» INSTRUCTIONS TO FOLLOW:
Search the listing below for the word "Package" and copy each line where it appears.

═════ DATA TO PROCESS

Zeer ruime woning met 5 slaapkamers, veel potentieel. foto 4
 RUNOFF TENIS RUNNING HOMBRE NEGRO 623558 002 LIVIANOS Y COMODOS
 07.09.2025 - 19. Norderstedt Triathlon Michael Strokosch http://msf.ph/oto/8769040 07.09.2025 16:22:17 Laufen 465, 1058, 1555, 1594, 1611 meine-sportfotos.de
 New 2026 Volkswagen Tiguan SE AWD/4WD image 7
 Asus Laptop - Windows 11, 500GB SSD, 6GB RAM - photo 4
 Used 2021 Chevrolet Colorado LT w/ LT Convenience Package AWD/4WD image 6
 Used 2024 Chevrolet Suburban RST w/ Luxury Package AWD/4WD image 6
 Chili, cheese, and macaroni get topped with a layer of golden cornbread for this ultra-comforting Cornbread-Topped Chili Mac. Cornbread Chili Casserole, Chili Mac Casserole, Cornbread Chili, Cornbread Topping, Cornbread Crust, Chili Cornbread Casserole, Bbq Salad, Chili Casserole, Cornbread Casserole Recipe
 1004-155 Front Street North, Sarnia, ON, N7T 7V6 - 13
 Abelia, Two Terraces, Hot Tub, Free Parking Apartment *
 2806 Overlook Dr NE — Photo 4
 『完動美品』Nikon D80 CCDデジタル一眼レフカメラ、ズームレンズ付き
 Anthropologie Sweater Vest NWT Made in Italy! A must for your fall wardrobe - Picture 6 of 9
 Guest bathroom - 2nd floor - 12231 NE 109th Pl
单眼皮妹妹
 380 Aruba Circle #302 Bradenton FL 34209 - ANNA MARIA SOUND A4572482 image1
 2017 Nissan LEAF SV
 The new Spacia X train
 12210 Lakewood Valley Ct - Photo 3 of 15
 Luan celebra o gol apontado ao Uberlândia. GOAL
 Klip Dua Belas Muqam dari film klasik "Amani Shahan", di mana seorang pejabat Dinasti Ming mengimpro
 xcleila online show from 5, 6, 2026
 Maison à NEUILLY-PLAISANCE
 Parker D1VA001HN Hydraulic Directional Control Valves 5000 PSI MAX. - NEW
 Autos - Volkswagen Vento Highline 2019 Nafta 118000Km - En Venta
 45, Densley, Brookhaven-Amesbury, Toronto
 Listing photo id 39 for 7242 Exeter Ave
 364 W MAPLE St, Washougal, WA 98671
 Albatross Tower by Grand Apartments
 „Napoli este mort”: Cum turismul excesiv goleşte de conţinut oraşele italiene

══════════

» PROBLEM SOLUTION:
 Used 2021 Chevrolet Colorado LT w/ LT Convenience Package AWD/4WD image 6
 Used 2024 Chevrolet Suburban RST w/ Luxury Package AWD/4WD image 6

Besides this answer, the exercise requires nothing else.